A high percentage of members are paying for basic stationery and equipment such as fridges, weighing scales and essential reference books.
The vast majority of dieticians are funding their own professional development which is an essential requirement of retaining their professional registration.
In some tragic instances our members have felt it necessary to buy food and other essential items for vulnerable patients.
We have received reports of staff buying resources for their hospital departments such as changing mats, spare clothes and nappies for children.
They have purchased baby formula for mums who cannot breastfeed and have no access to funding. This is not acceptable in any society, especially in one of the richest in the world.
Our essential public services are being run on the good will of staff and this cannot be allowed to continue.
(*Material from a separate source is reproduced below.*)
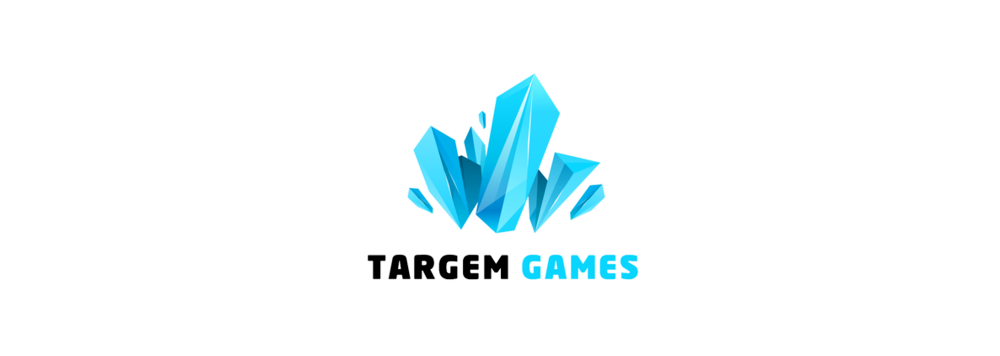 Targem Games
No worker should be paying to carry out their work.
Health and social care in Britain is facing an unnecessary funding crisis as a result of a political ideology of enforced austerity.
An ideology which allows the government to cut corporation tax, do nothing about tax avoidance and expect the rest of us to pay.
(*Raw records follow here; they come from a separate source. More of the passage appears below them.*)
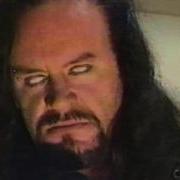 The Undertaker Dark Side Version 2 Used July 27th 1998 Requested Remix Arena Edit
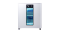 Philips UV-C dezenfeksiyon odası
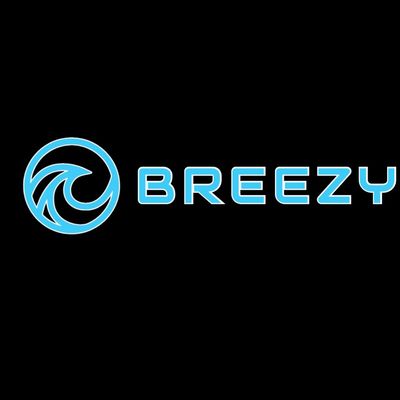 Avatar for BREEZY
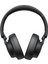 H652BT Anc Bluetooth Katlanabilir Kulaküstü Kulaklık - Anc, Çoklu Bağlantı 3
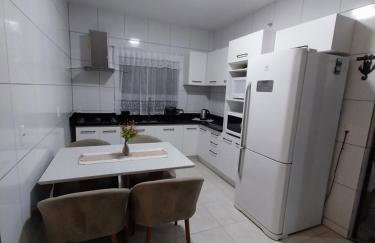 Casa Morrinhos - Photo 9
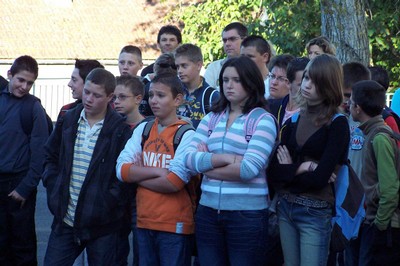 100_5243.JPG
The NHS provider sector as a whole ended 2017/18 with a deficit of £960 million and the social care funding gap is projected to reach £2.1 billion by 2019/20. Our members are extremely dedicated to their profession and to patients but they should not have to plug this gap.
Public service workers have suffered years of real-terms pay cuts against a backdrop of rising living costs, yet they are propping up the services that they deliver by working longer hours, sacrificing their work-life balance and contributing financially in order to deliver an acceptable level of professional service and care.
When a community dietician visits a seriously malnourished patient at home and discovers that she and her children have not eaten for two days due to a benefit sanction, and there is no food in the house, what should she do?
Well, she went shopping and bought basic nutritious food to keep the family going for three days and referred them to Women’s Aid which subsequently provided emergency assistance. This is a daily reality for public-sector workers and it has to be stopped.
We cannot continue with this seriously divided society which benefits the 1 per cent and leaves the rest of us to make do and mend.
We need properly funded public services for all, delivered by a well-trained and well-rewarded workforce along with a welfare state that ensures no one is left to simply survive a precarious and vulnerable life.
Annette Mansell-Green is head of trade union at the British Dietetic Association.